Customized targeted gene panel sequencing (TS) focused on a limited set of genes specific for CLD is an alternative to WES. TS has the advantage of providing higher coverage that increases analytical sensitivity even in the detection of mosaicism, of being easier to interpret and of avoiding incidental secondary findings.
In this study, we optimized a customized TS for hereditary CLD diagnosis and compared its performance to that of WES in a cohort of 19 unrelated adult patients with undiagnosed CLD.
Materials and methods
Patients’ selection and study design
From January 2021 to December 2021, 19 unrelated adult patients with undiagnosed CLD with a suspected hereditary etiology, referred to the Hepatology outpatient service and Precision Medicine Lab of the Department of Pathophysiology and Transplantation, Transfusion Medicine Unit of the Fondazione IRCCS Ca’ Granda Ospedale Maggiore Policlinico of Milan, for clinical and genetic evaluation, were included into the study. All were of European ancestry. Viral and autoimmune hepatitis were ruled out using standard clinical and laboratory evaluation; CLD due to alcohol abuse were excluded.
For each patient, a peripheral blood DNA sample was analyzed by both TS and WES, filtered for the genes included in target panel design, and their performances were compared.
The study protocol was approved by the Ethical Committee of Fondazione IRCCS Ca’ Granda (CE 125_2018bis). Written informed consent for genetic analysis was obtained from each patient.
Custom targeted gene panel design
Based on data from the Human Genome Mutation Database (HGMD), Online Mendelian Inheritance in Man (OMIM) database (http://www.ncbi.nlm.nih.gov/omim), and an extensive literature review using PubMed, we selected 82 disease-causing genes associated to CLD, classified into six categories: iron overload, lipid metabolism, cholestatic diseases, storage diseases, specific hereditary CLD and genes associated to susceptibility to liver diseases (Supplementary Table S1).

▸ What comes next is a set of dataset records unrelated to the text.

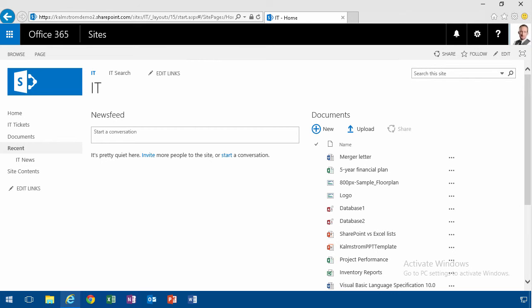Hi, I'm Peter Kalmström of kalmström.com business solutions. In this demonstration I'm going to talk about how to use the content type I created in the content type hub.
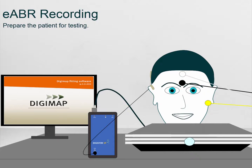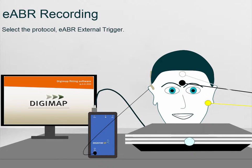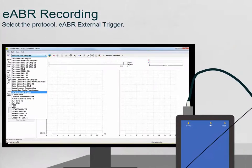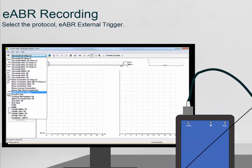In the Eclipse EP software, select the protocol eABR external trigger from the drop-down menu on the test screen.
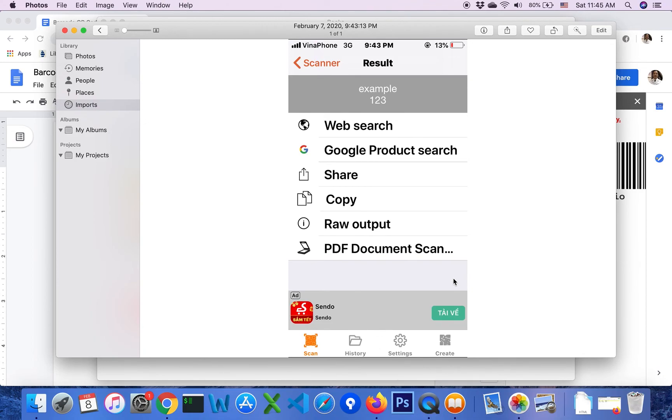Thank you for using easy barcode QR code generator for Docs add-on.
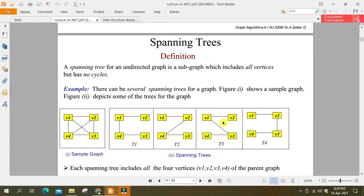یہ بن گیا، یہ بن گیا، یہ بن گیا — ان سب میں cycle نہیں — t1, t2, t3, t4 ان چار graphs میں cycle نہیں ہے۔ Cycle کیا ہوتا ہے؟ اگر آپ v1 سے شروع کریں، v2 پہ آئیں، v4 پہ، پھر v1 پہ آ جائیں — یا v1 سے v2، v3، پھر v1 — تو یہ ایک cycle ہوتا ہے کہ جہاں سے آپ start کریں دوبارہ وہاں پہنچ سکیں۔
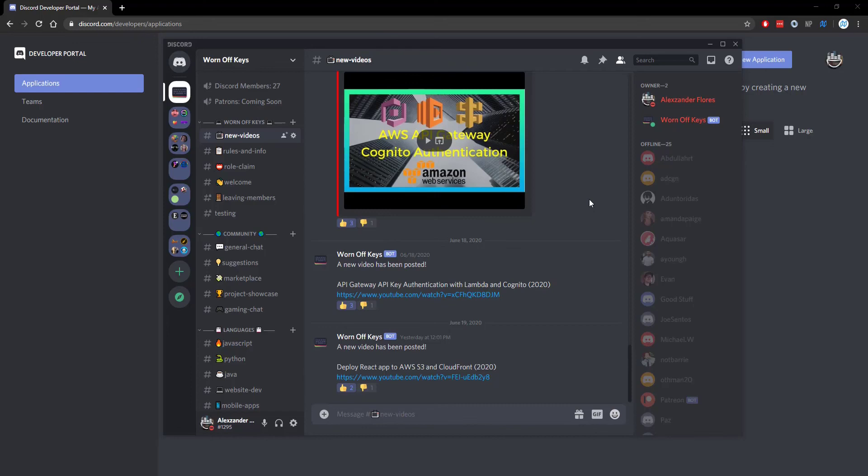Thanks for watching this discord.js tutorial. If you want to learn more about discord.js consider clicking on the playlist you see on your screen now. If you need help feel free to leave a comment or ask in the worn off keys discord which can be found in the video description.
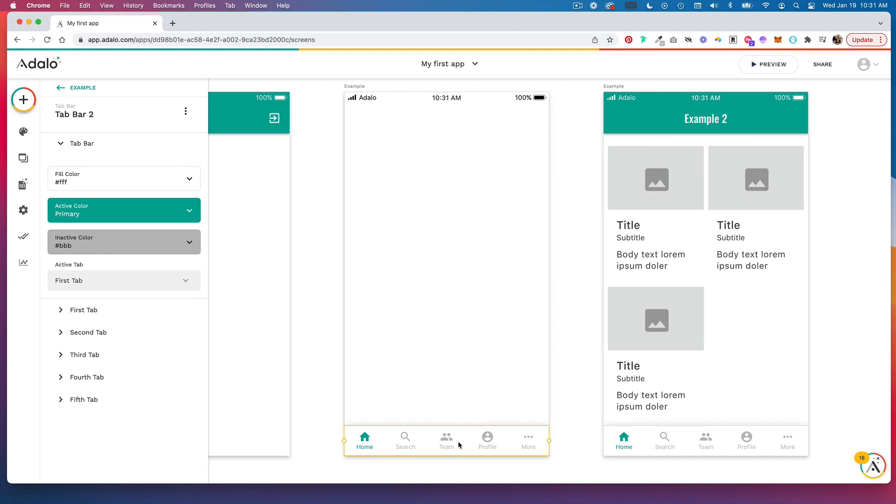So there are two different ways you can build out a screen. You can customize an existing screen with components or you can build out a blank screen and add your own components.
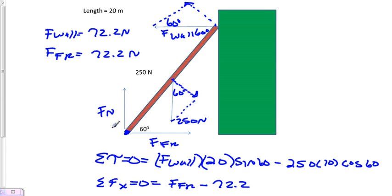The normal force pointing upwards will equal 250 Newtons because that's equal to the weight of the ladder, and we are on a horizontal surface.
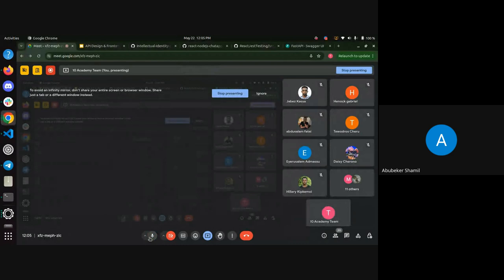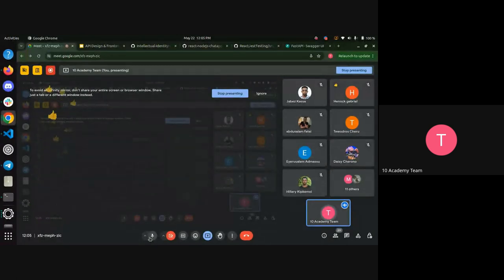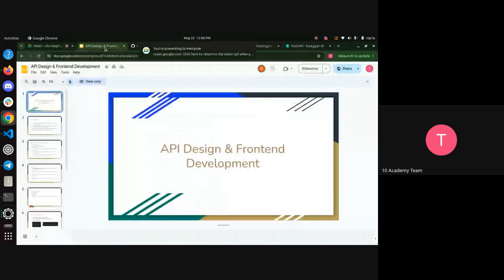Good afternoon everyone. Can you hear me and see my screen? We're going to have one tutorial today. I combined the two tutorials together because we already covered full stack development in week zero. This is just a repeated tutorial — here I'm going to show you the best practices you can implement in your API design and front-end development.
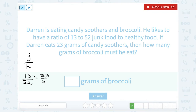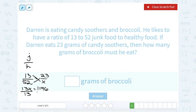When we cross multiply, 13 times x is 13x. Then cross multiplying on the other side, 52 times 23 gives me 1,196. To solve for x, I divide by 13 on both sides, and that gives me x equals 92. So he has to eat 92 grams of broccoli.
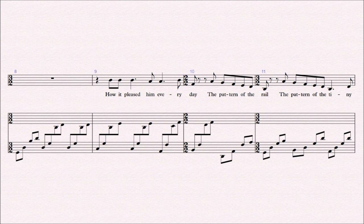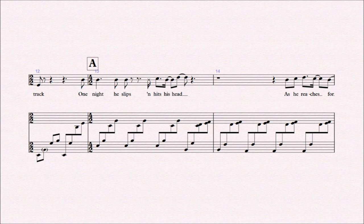How it pleased him every day, the pattern of the rail, the pattern of the tiny track. One night he slips and hits his head.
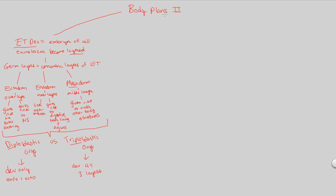So that covers our embryonic tissue development. We'll conclude body plans two in the next video by looking at the idea of body cavities and how they play a role in body plans.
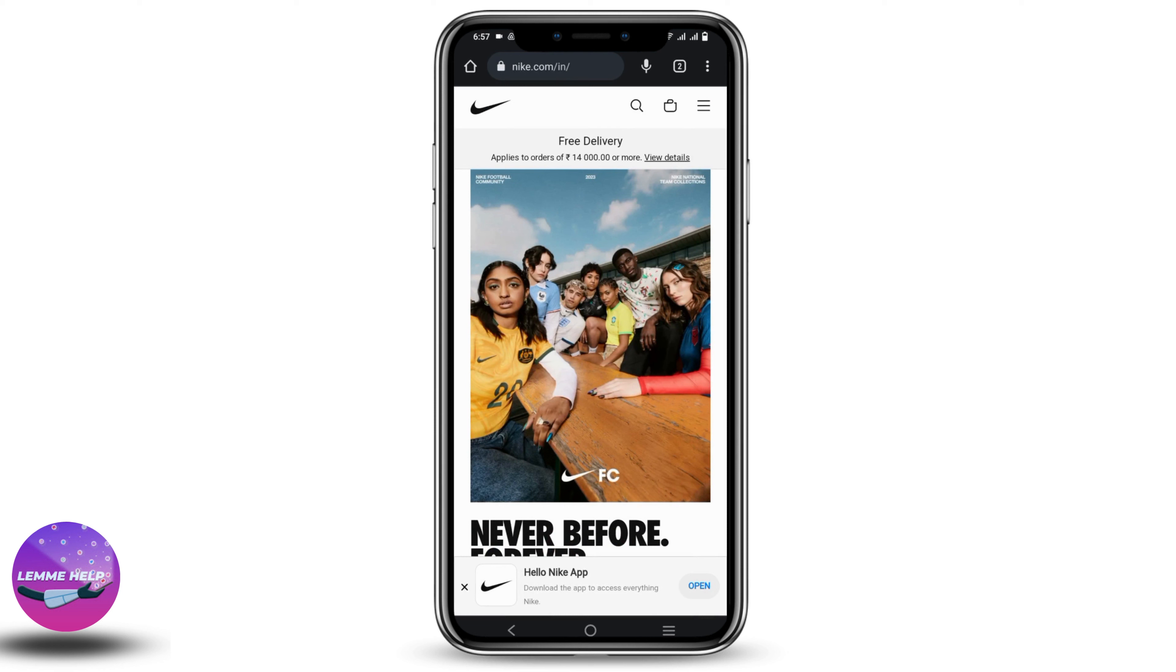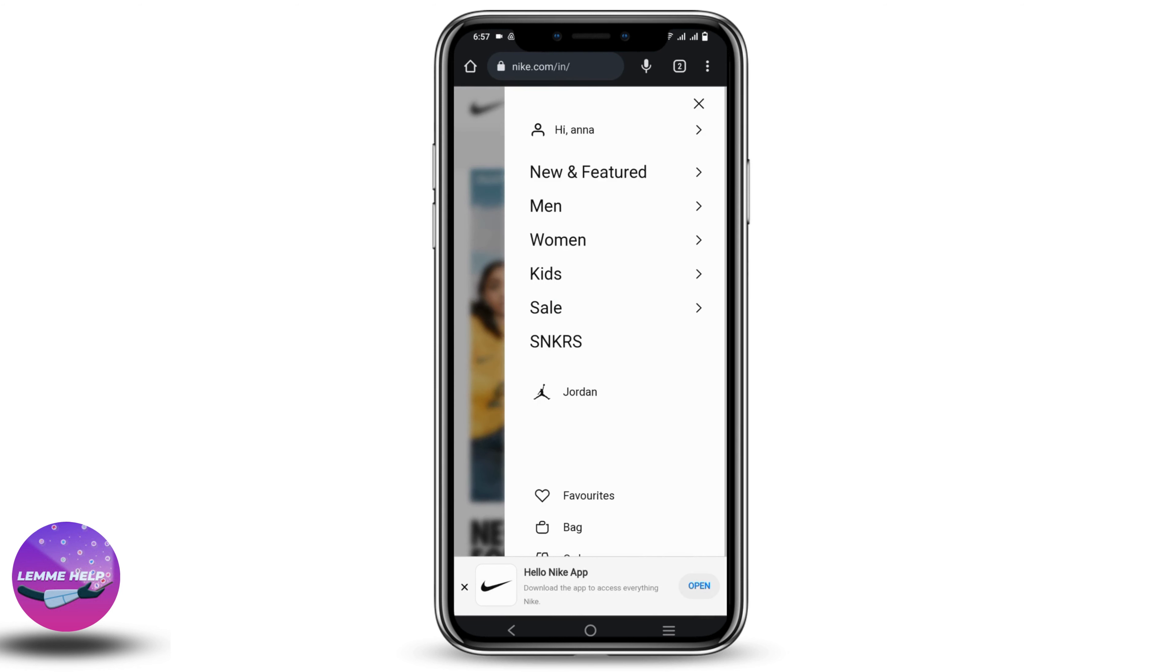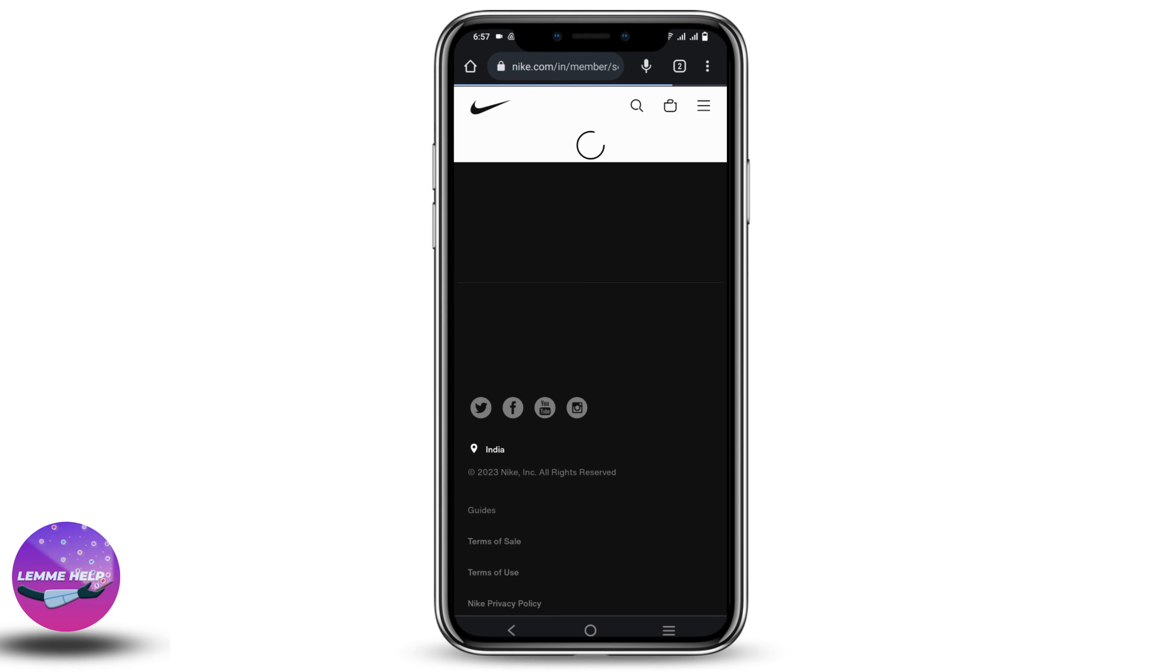Now click on the hamburger icon on the top right corner and make sure that you have logged in. Tap on your name and click on account settings.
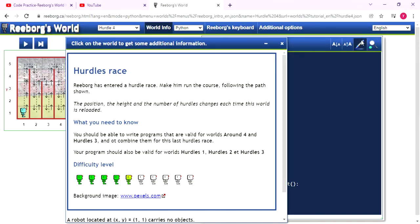Hi, this is Yang. Today, I'm gonna show how to solve the question of hurdle 4.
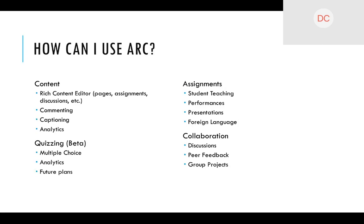You can also use ARC for student collaboration. Put a video in a discussion, or have students post videos in a discussion with comments. You can have peer feedback — for example, a student records a performance and posts it in a discussion where peers give feedback and suggestions for improvement. Groups can also work together to create video and submit it as a group assignment. Lots of ideas of what you can do with ARC.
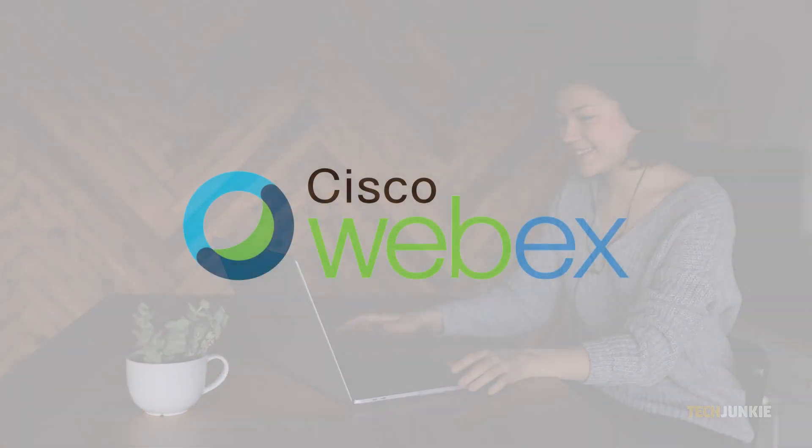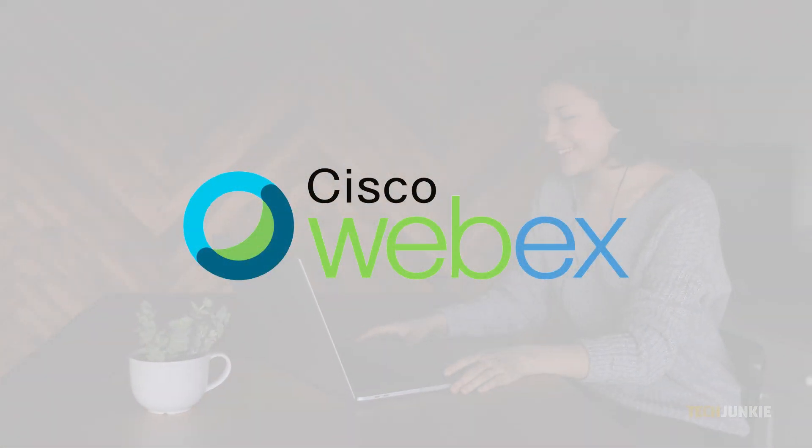Despite Zoom's recent surge in popularity, Webex is still being used by plenty of businesses. If you're new to the software, you might be trying to figure out how you can set or schedule a meeting.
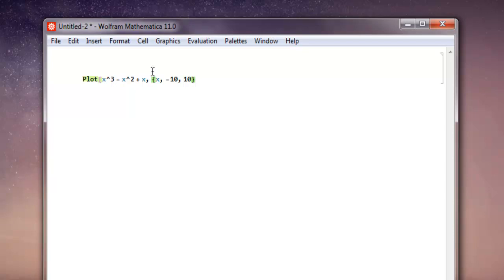Close this and also close the plot function. Now if I hit Shift+Enter, it should show me a curve starting from minus 10 in the third quadrant right up to the first quadrant at 10.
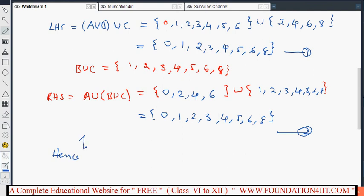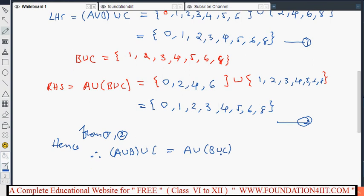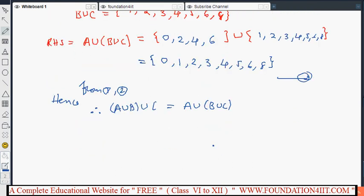From equation 1 and equation 2, both LHS and RHS equal {0, 1, 2, 3, 4, 5, 6, 8}, hence (A∪B)∪C = A∪(B∪C). This is the associative property. Similarly, we can prove A∩B = B∩A and A∪B = B∪A.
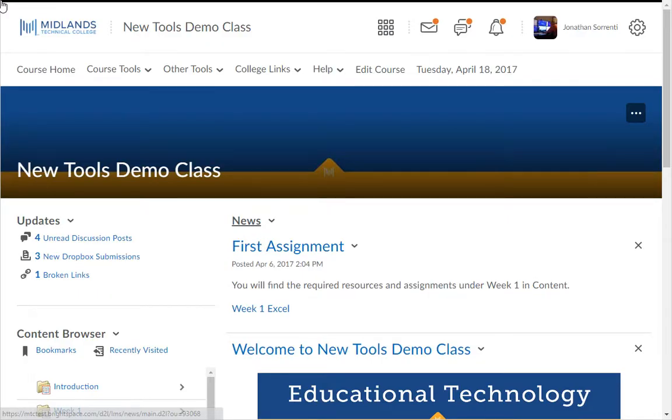The video note feature can be used anywhere inside of D2L Brightspace that has an HTML editor box with the insert stuff icon. In this demo we will be posting a video note inside of a news item in the news tool.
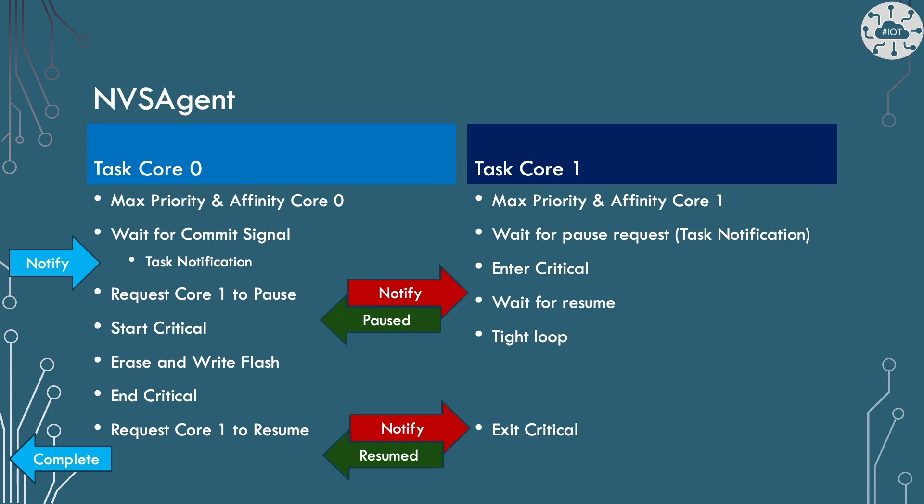So the task on Core 0 is basically going to wait to be signalled to tell it to execute a commit. So execute a write to the Flash. And I use task notification for that. So when I get a task notification in I know it's time to start writing. At that point I'm going to ask Core 1 to pause and I'm going to wait until Core 1 confirms it has paused because I need that Core to have stopped too and be in that pause state. At that point I can start a critical section. I can erase the Flash right to the Flash and then I can end the critical section and then I can tell Core 1 to resume. And once Core 1 has resumed I can then signal back to my caller that the commit has completed.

For each gene, we considered the coding exons with 25 flanking bp; selected 5'-/3′-UTRs and promoter regions known to harbor pathogenic variants were also included. Probes specific for the selected regions were designed with the HaloPlex online design tool (SureDesign, Agilent Technologies Inc.), using GRCh37-hg19 as reference genome.
DNA extraction
DNA was extracted from peripheral blood and quantified by a Qubit 2.0 analyzer using the Qubit dsDNA BR Assay Kit (Thermo-Fisher, Waltham, MA, United States). Sample purity was evaluated using a Nanodrop 1,000 spectrophotometer (Thermo-Fisher, Waltham, MA, United States) and integrity was assessed by gel electrophoresis and using the Agilent 2,200 TapeStation System and the Genomic DNA ScreenTape assay for DNA Integrity Number (DIN) assessment (Agilent Technologies, Santa Clara, CA, United States). Samples with a 260/280 ratio of absorbance ≥1.8 and a DIN ≥6.4 were used.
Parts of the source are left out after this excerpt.